Your editor's father and many of his uncles worked in steel
mills. For much of their lives, they worked in rhythm with
the mills. Three shifts a day in the '50s and '60s...and
then layoffs, payoffs, and early retirement...
An uncle recently recalled what life was like at the
Sparrow's Point Bethlehem Steel plant in Baltimore:
"I got a job there in the late thirties. I don't remember
how much I was paid; it wasn't much. But I was lucky to get
any job at all.
"Those were the days...all along the waterfront, everyone
was hustling and bustling...you could hear the factory
whistles all over town. And you knew that the bars around
Highland Town would fill up a few minutes after the whistle
blew. Everybody worked for the mill. And our whole lives
revolved around it. Other things might change, but we
thought the mill was permanent. People would always need
steel, and nobody made it better than we did.

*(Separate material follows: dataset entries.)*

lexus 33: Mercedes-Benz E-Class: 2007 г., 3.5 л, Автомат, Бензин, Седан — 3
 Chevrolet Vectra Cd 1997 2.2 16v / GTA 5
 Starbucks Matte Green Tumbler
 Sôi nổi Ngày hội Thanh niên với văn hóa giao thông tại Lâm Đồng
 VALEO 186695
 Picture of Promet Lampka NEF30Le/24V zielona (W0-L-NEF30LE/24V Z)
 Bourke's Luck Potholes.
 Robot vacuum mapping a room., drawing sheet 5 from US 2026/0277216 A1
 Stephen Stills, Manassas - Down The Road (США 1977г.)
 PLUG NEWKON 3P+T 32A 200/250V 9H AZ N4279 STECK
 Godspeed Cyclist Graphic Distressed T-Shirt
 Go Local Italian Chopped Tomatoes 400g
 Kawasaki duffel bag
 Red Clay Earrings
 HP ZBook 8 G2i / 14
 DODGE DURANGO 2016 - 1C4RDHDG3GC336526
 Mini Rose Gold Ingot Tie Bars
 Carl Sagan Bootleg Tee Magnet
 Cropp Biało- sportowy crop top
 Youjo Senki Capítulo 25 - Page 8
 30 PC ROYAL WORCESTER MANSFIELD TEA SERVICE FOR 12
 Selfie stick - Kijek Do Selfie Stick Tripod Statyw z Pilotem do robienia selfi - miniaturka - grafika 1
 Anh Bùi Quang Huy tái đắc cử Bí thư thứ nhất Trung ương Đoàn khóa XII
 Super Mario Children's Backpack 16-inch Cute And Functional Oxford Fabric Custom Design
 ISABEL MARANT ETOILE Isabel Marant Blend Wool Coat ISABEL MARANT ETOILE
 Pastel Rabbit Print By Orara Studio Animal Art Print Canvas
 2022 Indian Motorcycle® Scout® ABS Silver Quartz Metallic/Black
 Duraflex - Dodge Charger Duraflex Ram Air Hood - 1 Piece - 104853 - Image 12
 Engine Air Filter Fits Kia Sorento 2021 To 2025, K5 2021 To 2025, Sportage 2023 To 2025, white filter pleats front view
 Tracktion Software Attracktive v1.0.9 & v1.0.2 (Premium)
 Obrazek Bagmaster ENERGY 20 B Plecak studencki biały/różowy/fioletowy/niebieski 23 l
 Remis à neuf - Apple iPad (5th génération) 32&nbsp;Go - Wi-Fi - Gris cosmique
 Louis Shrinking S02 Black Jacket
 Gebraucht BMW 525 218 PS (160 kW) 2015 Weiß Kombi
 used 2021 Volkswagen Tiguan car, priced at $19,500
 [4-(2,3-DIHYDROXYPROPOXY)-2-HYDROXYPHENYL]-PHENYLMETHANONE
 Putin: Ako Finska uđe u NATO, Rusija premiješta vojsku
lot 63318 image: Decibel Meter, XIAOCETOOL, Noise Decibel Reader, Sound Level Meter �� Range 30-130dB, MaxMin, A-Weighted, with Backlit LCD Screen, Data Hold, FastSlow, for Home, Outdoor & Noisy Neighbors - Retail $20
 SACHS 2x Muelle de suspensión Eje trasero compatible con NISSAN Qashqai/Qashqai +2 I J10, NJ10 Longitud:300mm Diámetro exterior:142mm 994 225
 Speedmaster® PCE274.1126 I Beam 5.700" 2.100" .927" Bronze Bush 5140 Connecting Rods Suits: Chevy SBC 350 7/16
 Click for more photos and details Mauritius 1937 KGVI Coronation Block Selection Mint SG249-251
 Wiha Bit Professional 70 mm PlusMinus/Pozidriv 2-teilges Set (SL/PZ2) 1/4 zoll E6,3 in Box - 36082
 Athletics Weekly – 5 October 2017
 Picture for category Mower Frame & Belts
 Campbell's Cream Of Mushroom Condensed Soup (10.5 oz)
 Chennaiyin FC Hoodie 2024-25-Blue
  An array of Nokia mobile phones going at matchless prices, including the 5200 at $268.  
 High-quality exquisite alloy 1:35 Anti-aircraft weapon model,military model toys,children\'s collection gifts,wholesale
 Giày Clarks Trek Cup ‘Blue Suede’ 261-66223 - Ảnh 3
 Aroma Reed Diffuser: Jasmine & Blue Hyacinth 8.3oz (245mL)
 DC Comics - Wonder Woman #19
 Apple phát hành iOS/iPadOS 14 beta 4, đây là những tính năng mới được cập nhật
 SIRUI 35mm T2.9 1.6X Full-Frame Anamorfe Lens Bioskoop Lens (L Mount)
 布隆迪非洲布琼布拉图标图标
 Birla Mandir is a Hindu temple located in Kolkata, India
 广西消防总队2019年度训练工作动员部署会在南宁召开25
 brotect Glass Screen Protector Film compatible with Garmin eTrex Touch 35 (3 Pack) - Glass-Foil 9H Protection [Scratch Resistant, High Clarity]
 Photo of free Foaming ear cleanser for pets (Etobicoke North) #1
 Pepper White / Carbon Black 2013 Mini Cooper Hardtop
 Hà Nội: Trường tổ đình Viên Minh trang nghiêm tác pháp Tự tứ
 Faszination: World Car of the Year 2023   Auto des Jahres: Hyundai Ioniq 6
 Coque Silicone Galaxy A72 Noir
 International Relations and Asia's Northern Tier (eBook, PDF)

"People think working steel was a science, but it seemed
more like an art to me. I remember my boss...a big Irishman
named Milligan...he would mix up a batch of steel like he
was baking a cake. He'd add a pinch of this and a dab of
that...and then, he'd know just what kind of steel would
come out of it...and somehow, he would know just what
customer it was good for. You had to get the
temperature...the timing and the mix just right. And each
mix was different. One might have more strength...or more
flexibility...than another. But Milligan knew just what
kind of batch he had and he marked it down for the right
customer...steel bridge girders...or auto steel...or
whatever.
"Every time we poured a batch...I don't know...there was
something exciting about it. It was if we were working
right in the heart of this great, pulsating machine. Each
batch of steel was like the lifeblood of the entire
system...hot...full of life. We were proud, happy and tired
when we came home from work.
"Of course, those days are gone. Now, they've mechanized
and computerized everything. And besides, the factories
don't seem to work they way they used to. The energy and
excitement seems to have gone out of them. And I guess
those kind of jobs have all gone to China or Korea. But
it's too bad.
"I loved the work, but then the war came along and we all
shipped out. After the war, I came back to get my job back.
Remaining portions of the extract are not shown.